I don’t know whether they scream about global warming too, because I can’t understand the lyrics and haven’t found them on the web yet. The final track, “M.O.A.B.”, is presumably about the mega-munition called the “Mother Of All Bombs” by the U.S. military. Whether or not that bomb is the subject, it’s surprising how quickly you reach “M.O.A.B.”: this album whirls by and can seem even shorter than its actual running-time of twenty minutes. Hardcore is headlong, like sheets and shards of metal being blown along by a hurricane. And metal is a word that comes to mind a lot as you listen to this album. The sounds are metallic in an almost literal sense: strong but flexible, meaty but malleable. Nation of Ashes sounds like a sonic factory taking the raw ore of volume and hammering, twisting, and rolling it into shape. That’s appropriate for a form of music that depends on an advanced technological civilization, though it’s sonic-ironic because the music is being used to criticize that civilization. But Nation of Ashes also sounds metallic in a more strictly musical sense. As I’ve said, M.W.D.H. and E.N.T. aren’t metal bands like Napalm Death, but heavy metal does influence the sound of hardcore. There are throbbing, thundering passages between the headlong charges on this album, but that variety increases the power of the music. And has been doing so on hundreds of albums for thousands of days. So, as M.W.D.H.’s music pounds, listeners can ponder things like authenticity and originality.

I’ve certainly pondered my own originality while writing this review. I’m pleased with the title of the review – “Guitardämmerung” – but I’ve found from a web-search that it’s been used before. Other minds have worked like mine, noting the similarity between “guitar” and Götter. The point of a pun is to distort language and create a new sensation from something familiar. That’s also what punk did to rock music, and what hardcore did to punk: they were distortions for new sensations. Sometimes musical distortion is inadvertent: new forms of music, like new forms of life, can arise when there’s a mistake in copying. Or when the technology of the art does undesigned and originally unwanted things, like causing feedback. An accidental thing like that can then become something pursued and valued in its own right.
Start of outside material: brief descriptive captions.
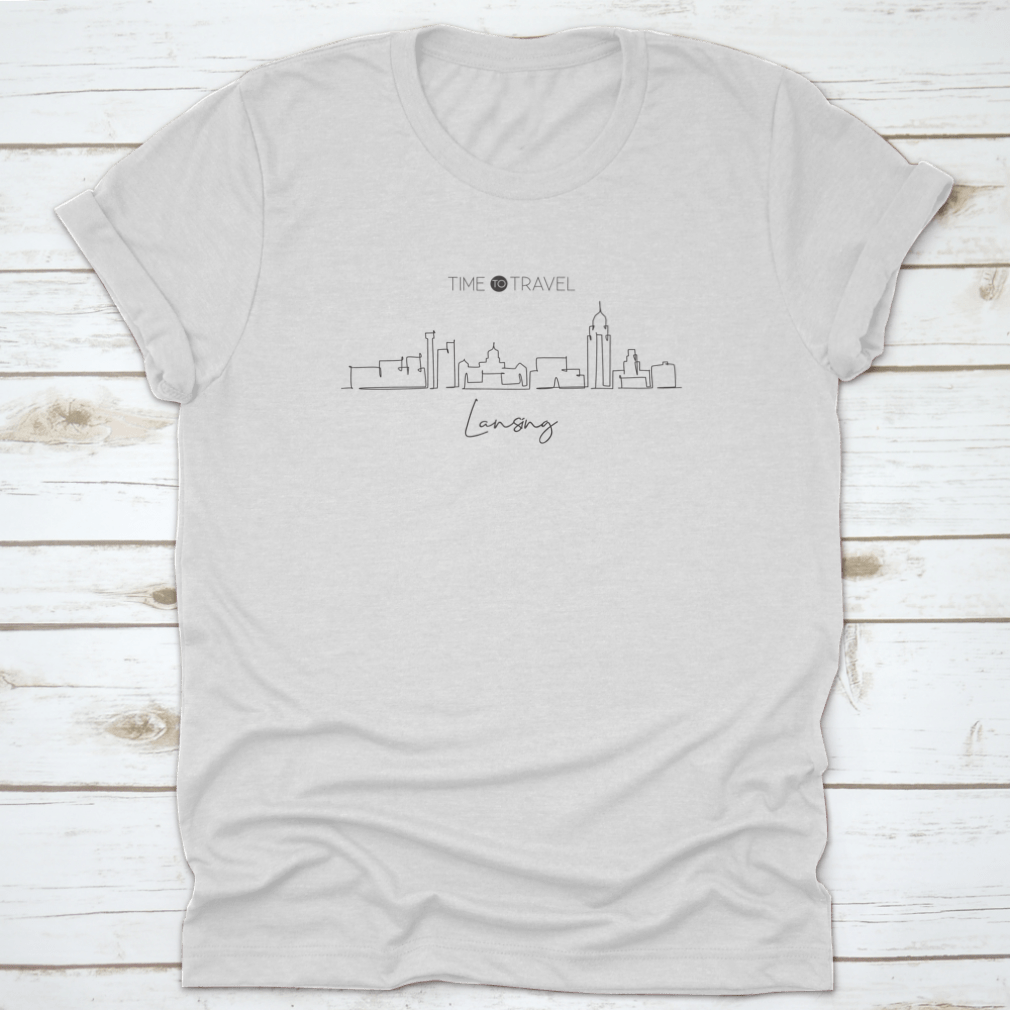 A stylish cotton t-shirt featuring a minimalist one continuous line drawing of the Lansing City Skyline, Michigan, showcasing its iconic buildings.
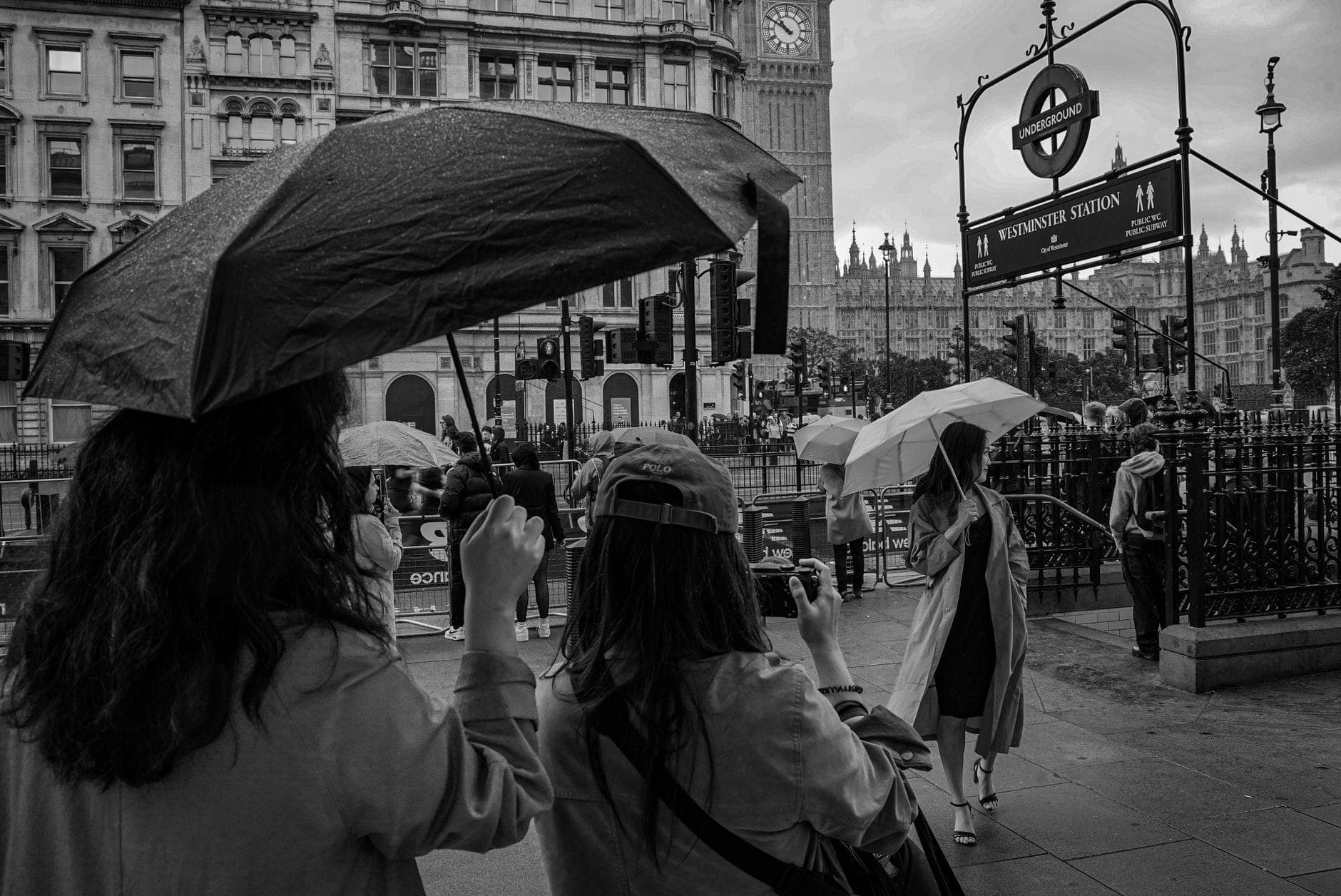 Personas con paraguas frente a la estación de Westminster y el Big Ben bajo la lluvia, mostrando el típico clima veraniego de Londres.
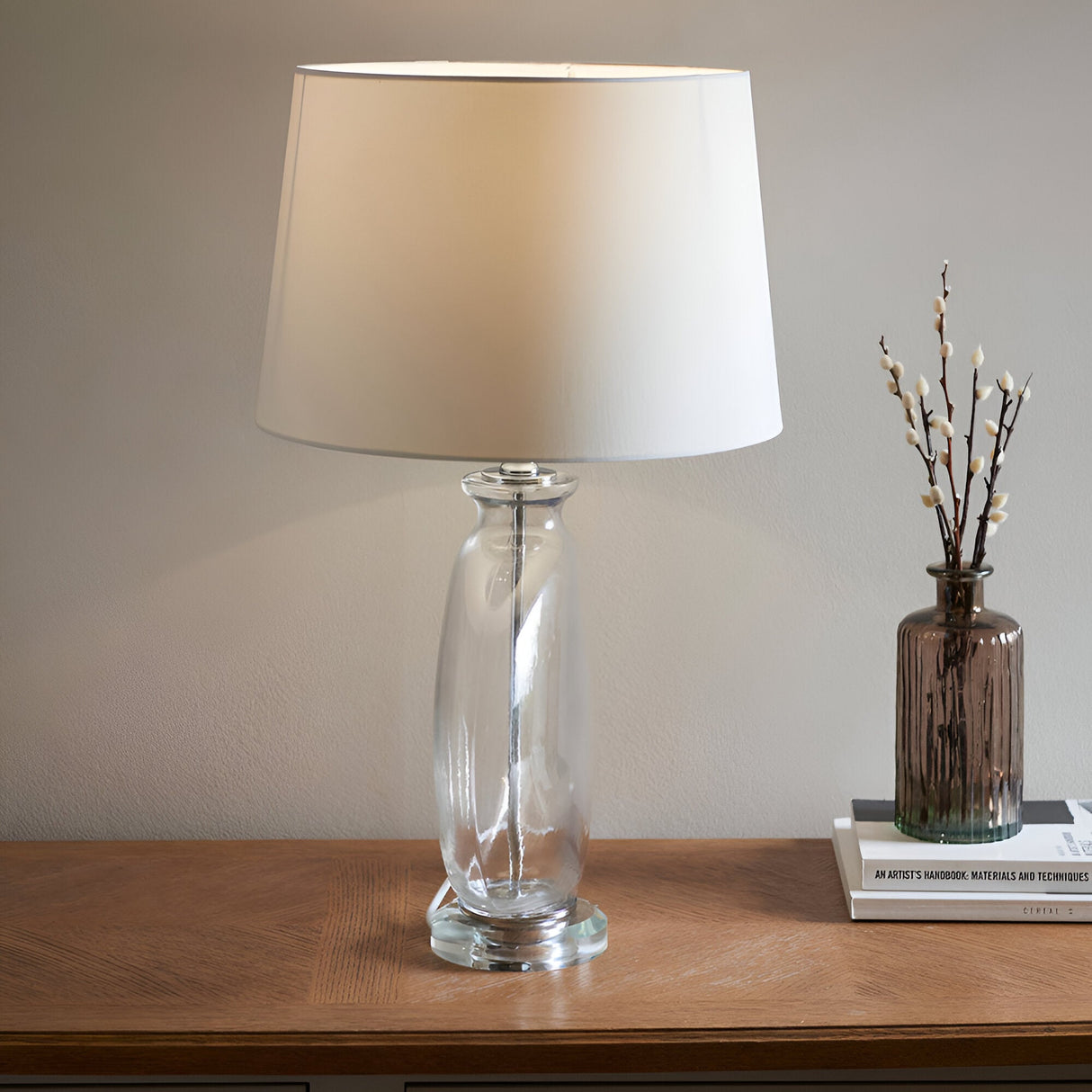 Endon Bramleigh table lamp with a clear glass ellipsoid base, nickel fitting and tapered white shade, lit on a wooden console beside books and a vase.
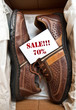 Men's shoes in a box with the label 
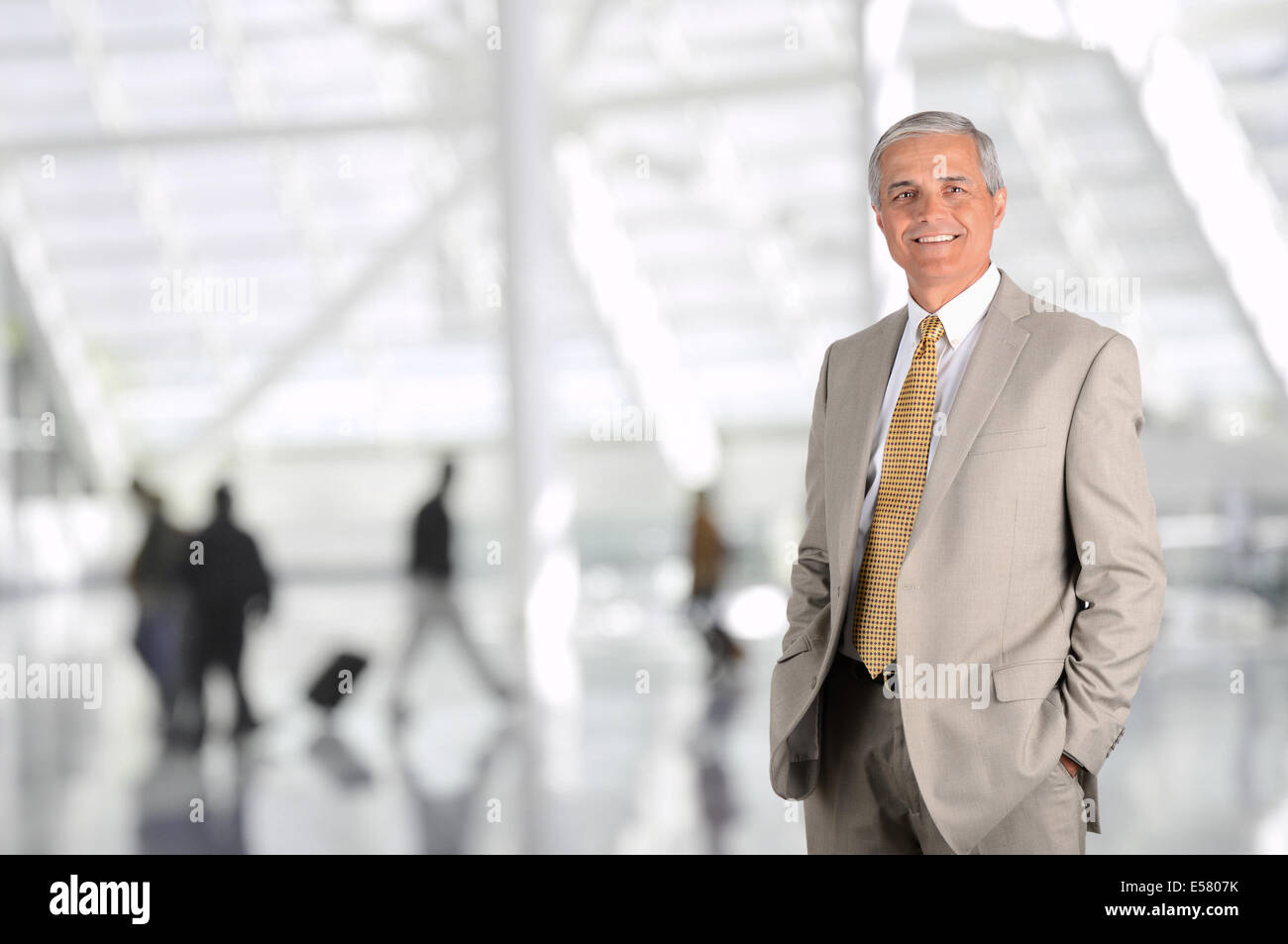 Reife Geschäftsmann in Flughafen Halle mit unscharfen Reisenden im Hintergrund. Man hat die Hände in den Hosentaschen und lächelt. Stockfoto
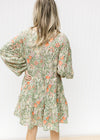 Back view of cream dress with olive, coral and gold floral, smocked back and bubble long sleeves. 
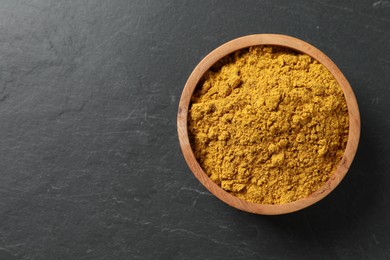 Dry curry powder in bowl on dark textured table, top view. Space for text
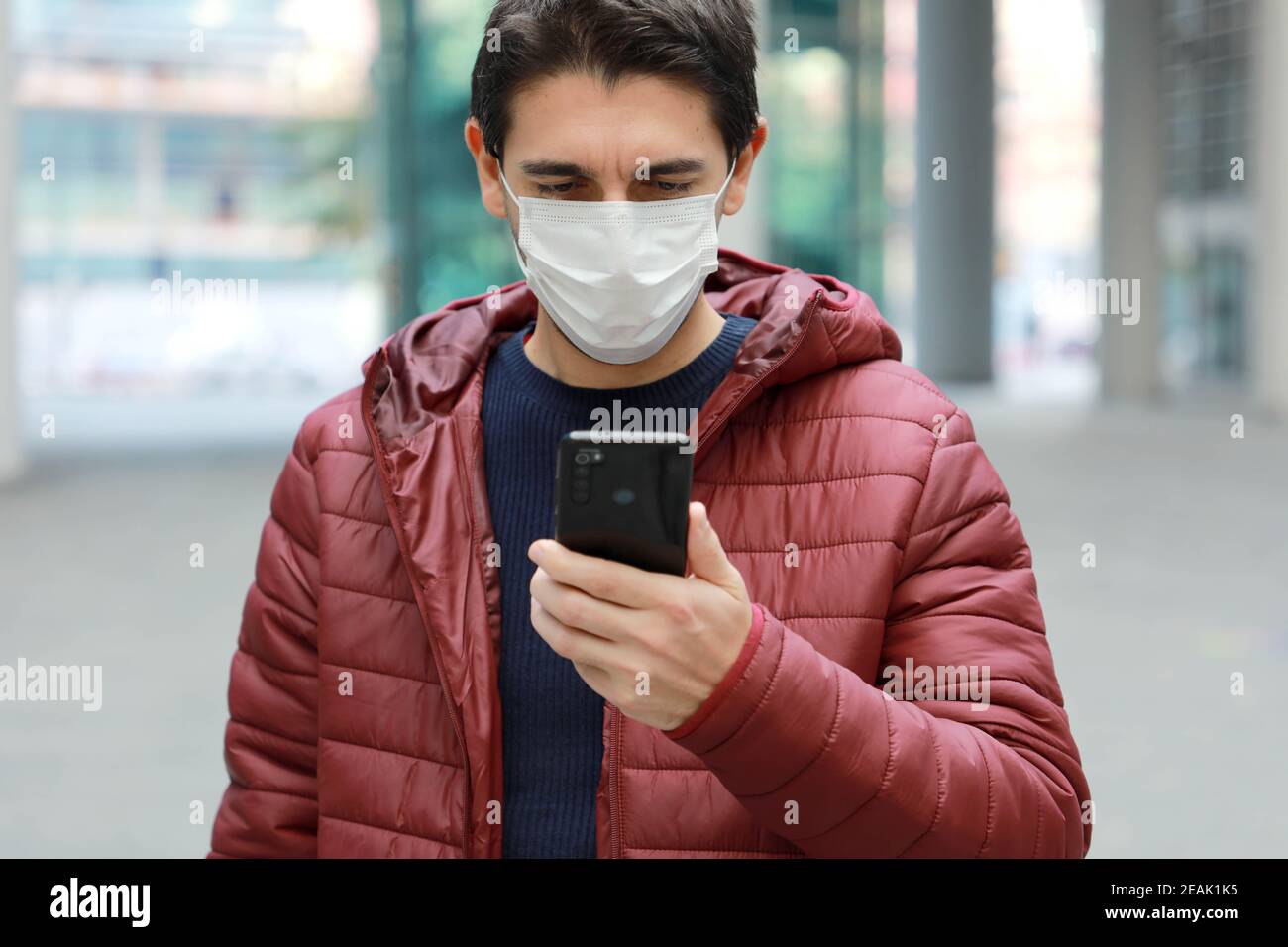 Junger kaukasischer Mann mit Schutzmaske, der Nachrichten oder Nachrichten liest Auf dem Smartphone in der modernen Stadtstraße Stockfoto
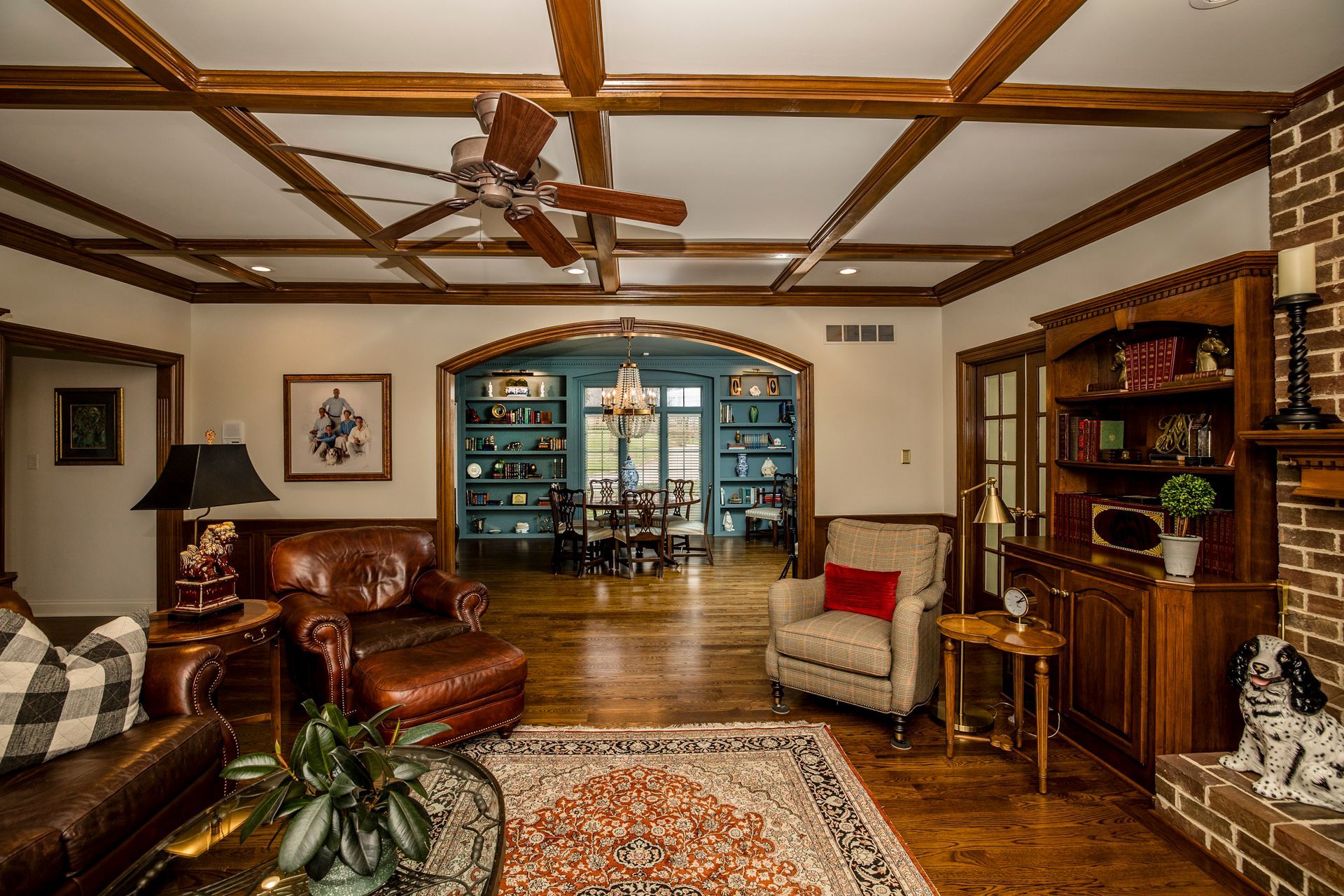 Cozy living room with leather chairs, wooden ceiling beams, patterned rug, and blue built-in shelves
Hardcore is about distortion in lots of ways: it uses distorted guitars and voices to protest about the distortion of society and justice. But this album isn’t distorted in one way: it adheres faithfully to the hardcore recipe first laid down in the late 1980s. So that’s sonic-ironic again.

“Guitardämmerung” also blends ideas in the way that hardcore blends punk and heavy metal. Götterdämmerung means “Twilight of the Gods” and refers to the cataclysmic end of the world in Norse mythology. Man Will Destroy Himself use electric guitars to create music about cataclysm and apocalypse, but are we now in the final stages of guitar-based music? Will hardcore, heavy metal, and other forms of rock exist much longer? I don’t think they will. There are cataclysms of various kinds ahead: political, social, scientific, and technological. The political and social cataclysms probably won’t be those foreseen by the self-righteous and sanctimonious crusty community (crummunity?). And that community may realize that it’s been working for political and social cataclysm in a lot of ways, rather than against it. The scientific and technological cataclysms will be more powerful and long-lasting in their effects – assuming science and technology survive what is ahead in politics and sociology. I don’t think the Deus Ex Machina, the electronically enhanced superhuman now in preparation, will be interested in loud guitars. But I’m not superhuman, or properly grown-up, and I am still interested in loud guitars. Although the music is quite different, this album makes me nostalgic – or prostalgic – in a similar way to the mediaeval ballads on Music of the Crusades. That music was traditional, and so, sonic-ironically, is hardcore, three decades after it first appeared. Hardcore expresses ugly emotions in an ugly way, but it’s still human. And Man is indeed about to be Destroyed.